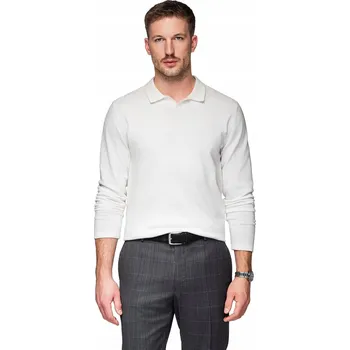 Pánský svetr Ombre svetr OM-POLS-0140 bílý s límečkem, velikost L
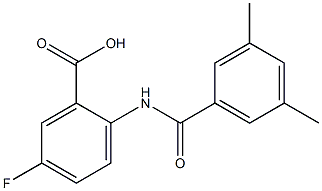 2-[(3,5-dimethylbenzene)amido]-5-fluorobenzoic acid Struktur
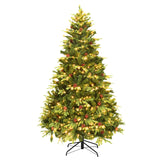 带 LED 灯和松果的人造圣诞树 - 7' Artificial Christmas Tree with LED Lights and Pine Cones-7'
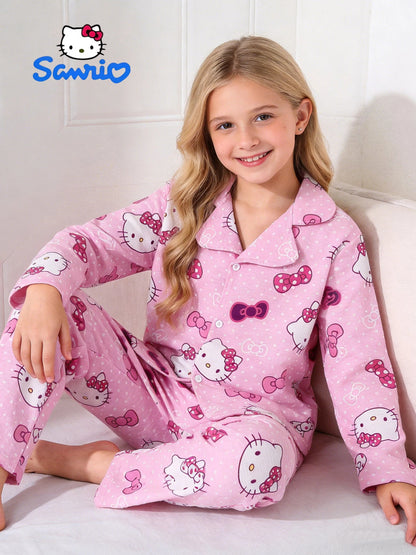 Sanrio Spring/Autumn Girls' Home Clothes, Hello Kitty Long Sleeve Top/Pants, Casual Pajamas/Sleepwear Suitable for Home Wear My Store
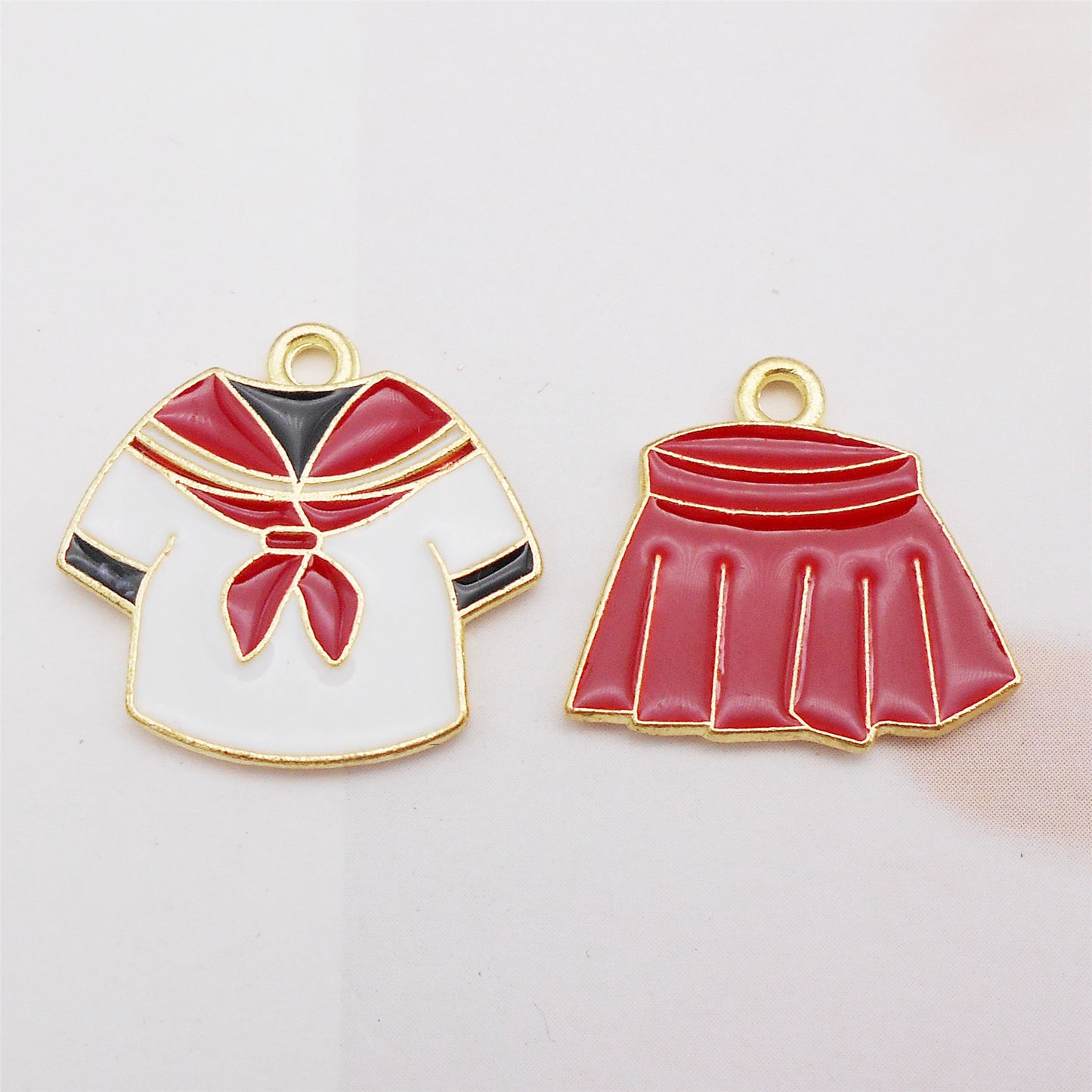 6pcs Alloy Japanese School Uniform Charm Sailor Collar Style Pendant for Jewelry Making Diy Crafts Decor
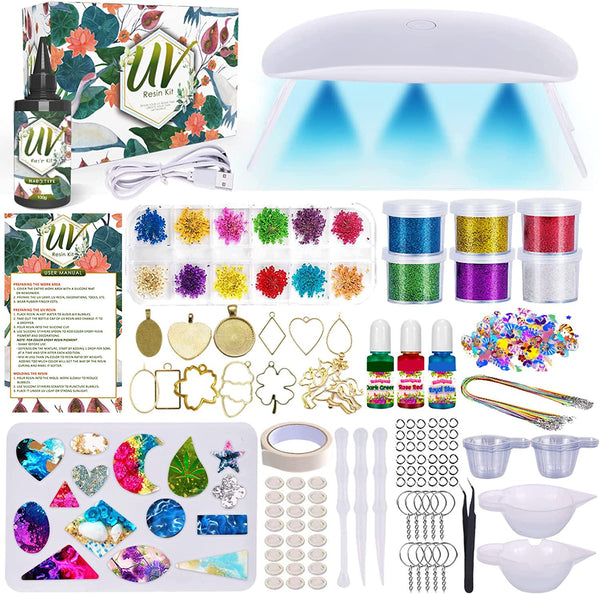 Resin Molds Kit, UV Epoxy Resin Supplies for Beginners Tools Set with  Silicone Molds, DIY Pendant Charms, Glitters, Dried Flowers, Foil Flakes  for Jewelry Making Arts Crafts Kit, Instruction Included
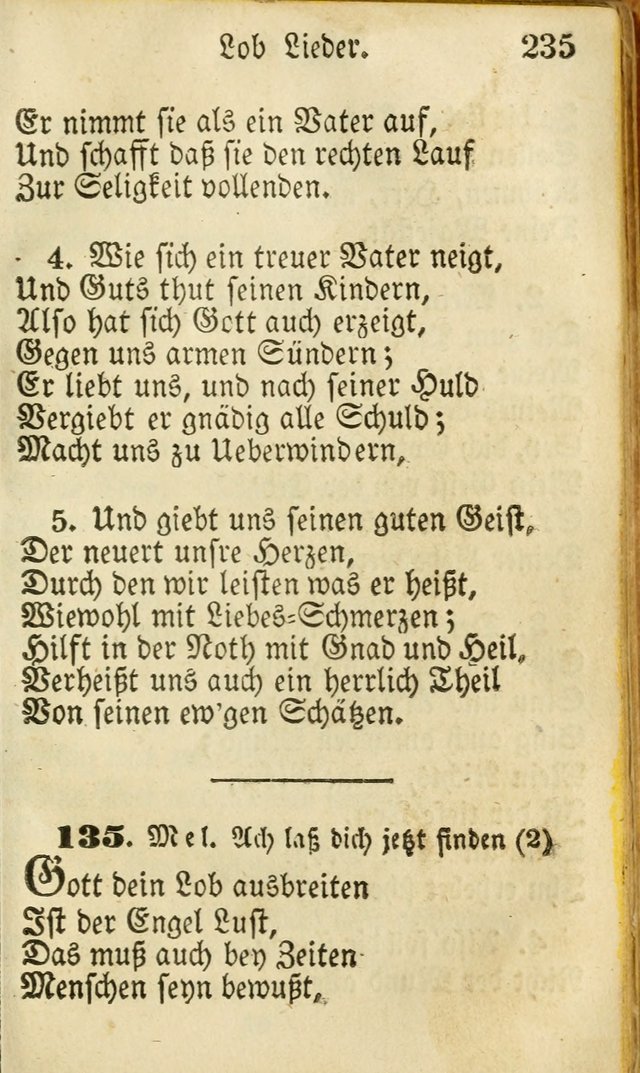 Die Gemeinschaftliche Liedersammlung: zum allgemeinen Gebrauch des wahren Gottesdienstes: mit einem inhalt sammt zwensachen register versehen (3 aufl.) page 235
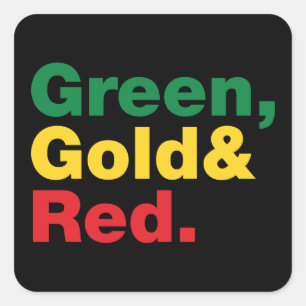 Adesivo Quadrado Verde, ouro & vermelho
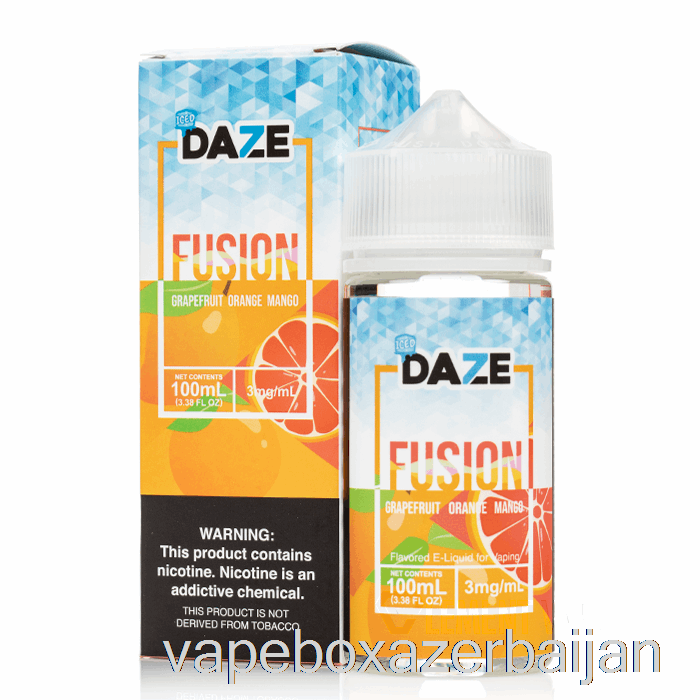 E-Juice Vape ICED Grapefruit Orange Mango - 7 Daze Fusion - 100mL 0mg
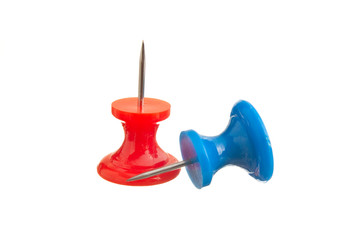 red and blue pushpin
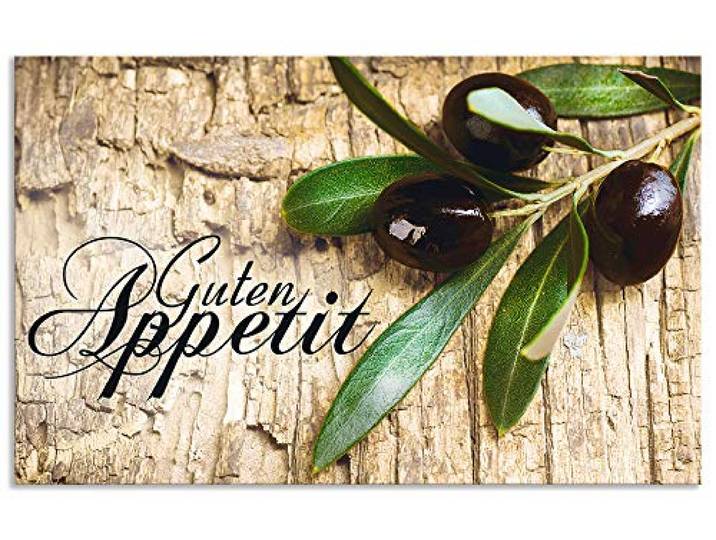 ARTland Spritzschutz Küchenrückwand aus Alu für Küche Herd Spüle 80x50 cm (BxH) mit Motiv Kräuter Olive Guten Appetit Olivenzweig Holzoptik Braun H6ZI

== WHAT TO PRODUCE ==
While skipping the pictures, transcribe the data above from the line showing "Sanrio Spring/Autumn Girls'" through the line showing "6pcs Alloy Japanese", exactly and with both ends.

== FINISHED TASK ==
 Sanrio Spring/Autumn Girls' Home Clothes, Hello Kitty Long Sleeve Top/Pants, Casual Pajamas/Sleepwear Suitable for Home Wear My Store
 6pcs Alloy Japanese School Uniform Charm Sailor Collar Style Pendant for Jewelry Making Diy Crafts Decor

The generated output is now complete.